LONDON (Reuters) - It's a packed week ahead for markets with the European Central Bank holding a crunch meeting on whether or not to hike rates again as the economy falters, while the United States releases latest inflation numbers.
Rising oil prices could re-ignite angst about price pressures. Key UK jobs data and a G20 summit, marked by the absence of China's Xi Jinping, are also in focus.
Here's your week ahead in markets from Yoruk Bahceli in Amsterdam, Ira Iosebashvili in New York, Kevin Buckland in Tokyo, Li Gu in Shanghai and Amanda Cooper and Ahmad Ghaddar in London.
1/COIN TOSS
ECB rate hikes were once a done deal for traders, but a year and 425 bps of rises later, those days are long gone.
Inflation has slowed to just over 5% from nearly 12% last October, but is still too sticky for the ECB to relax. Economic activity is slowing fast, however, signalling stagnation for the euro zone, and those record-paced hikes are squeezing financial conditions.
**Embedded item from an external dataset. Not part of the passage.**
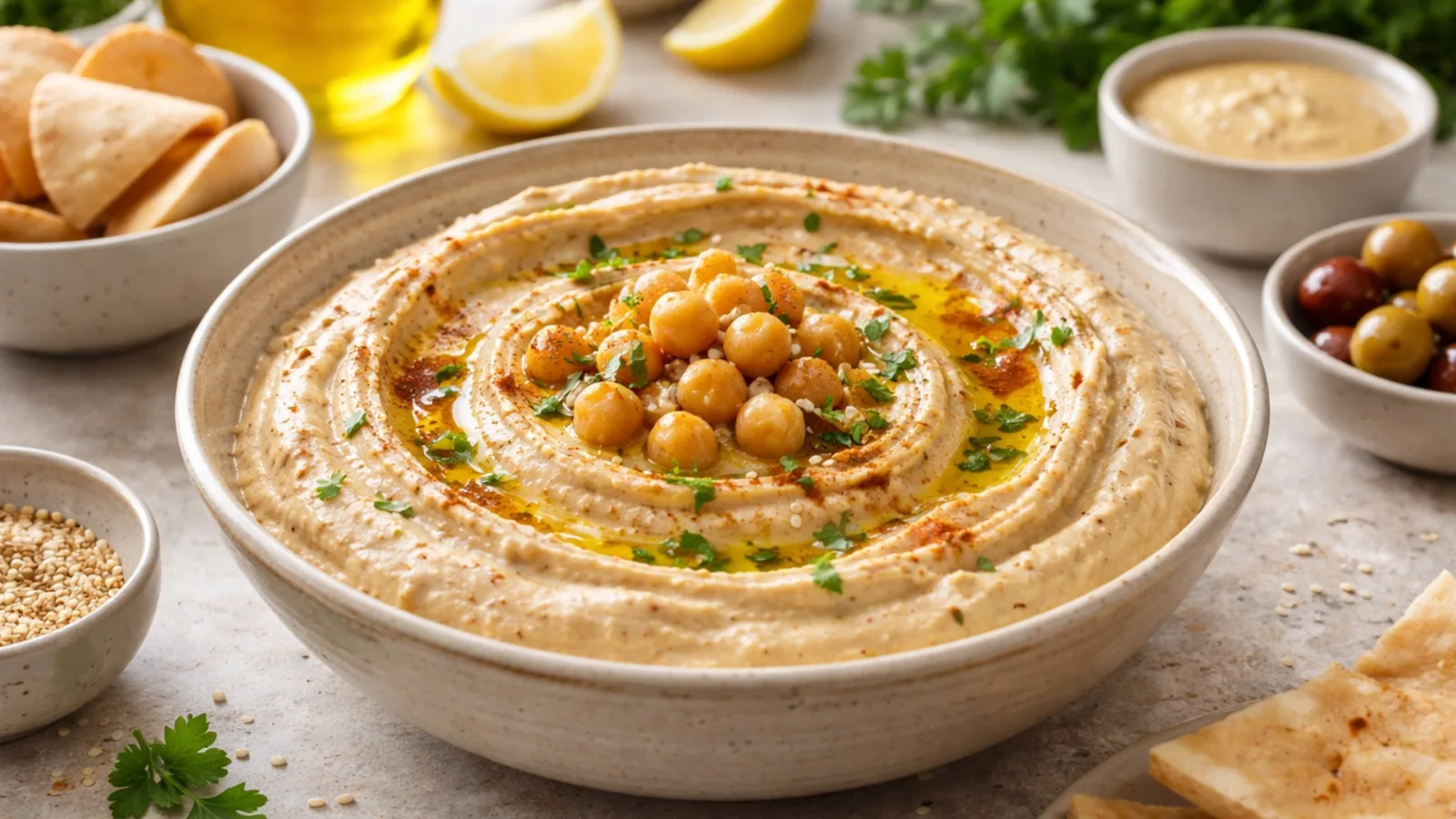 Фото блюда: Кувейтский хумус из нута с кунжутной пастой тахини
That conundrum has left traders betting on a roughly 40% chance of a hike and 60% chance of a pause when rates-setters meet on Thursday.
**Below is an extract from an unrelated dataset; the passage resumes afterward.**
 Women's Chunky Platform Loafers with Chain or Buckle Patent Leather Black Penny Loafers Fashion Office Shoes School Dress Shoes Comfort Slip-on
Policymakers are sending mixed signals. The doves urge caution; the most hawkish hawks say a pause is not a done deal, but haven't explicitly called for a hike either.
The decision is a coin toss - expect more volatility either way.
2/ TRADING GOLDILOCKS
Stock markets are riding high on the Goldilocks narrative of ebbing inflation and resilient growth, heartened by an August U.S. jobs report that showed labor market conditions easing but not at an alarming pace.
Wednesday's August U.S. inflation data, followed by producer price and retail sales numbers a day later, are the next test.
A headline number far above the 0.5% month-on-month increase expected by economists could revive inflation fears, a sharp dropoff would likely spark worries that growth is slowing too quickly after Fed rate hikes.
Goldman Sachs lowered its probability for a U.S recession in the next year to 15% from 20%.
For now, those in the Goldilocks camp appear to be right. Whether that lasts is another question.
3/ CRACKS IN CHINA Pressure is on China to pump up stimulus with investors disappointed with steps so far. Mainland stocks suffered their worst session in weeks on Thursday, following dreary trade data.
Economic woes have undercut the currency, languishing on the weaker side of the key 7.3 per dollar line in offshore trading and resisting central bank efforts to support it through stronger-than-consensus official midpoint fixings. Every data point is being watched closely. Next up are consumer and factory price data this weekend, with industrial output and retail sales out on the 15th. Escalating tit-for-tat tensions with the United States are another worry. Washington is debating cutting off chip tech access to Huawei and SMIC; Beijing has reportedly banned official use of iPhones. Chinese President Xi Jinping will be spared hard questions at this weekend's G-20 summit in India: He's not attending, another worrying sign of distancing between China and the West.
4/ A PESKY GENIE
The focus for markets on employment is on job growth. Not so much in Britain, where wages are a far bigger headache for Bank of England policymakers.
The unemployment rate has been edging above last year's 48-year low, indicating some softening in the jobs market, while basic earnings are rising at record pace.
Workers are seeing wage growth in real terms for the first time in two years, albeit at just 0.1%. Good news for anyone paying bills, bad news for anyone trying to anchor inflation.
BoE Governor Andrew Bailey knows this all too well, having made headlines last February by calling for workers to show pay restraint, as real wage growth fell.
The question the BoE will have to answer on Sept 12, when August jobs numbers are released, is how to get the inflation genie back in the bottle.
5/ OIL RUSH
Brent crude has broken above $90 a barrel for the first time since November 2022 as Saudi Arabia and Russia look set to extend voluntary oil cuts to year-end.
Both will review their decisions monthly to consider deepening cuts or raising output, depending on market conditions.
Analysts warn that further price increases could face obstacles with demand likely to dip when U.S. refineries enter their September-October maintenance period, and from potentially higher supply from Iran, Venezuela and Libya.
For policymakers counting on price pressures abating fast, resurgent oil prices are problematic for the inflation outlook. At end-June, oil was down around 17% for the year, now it's up roughly 4% and rising.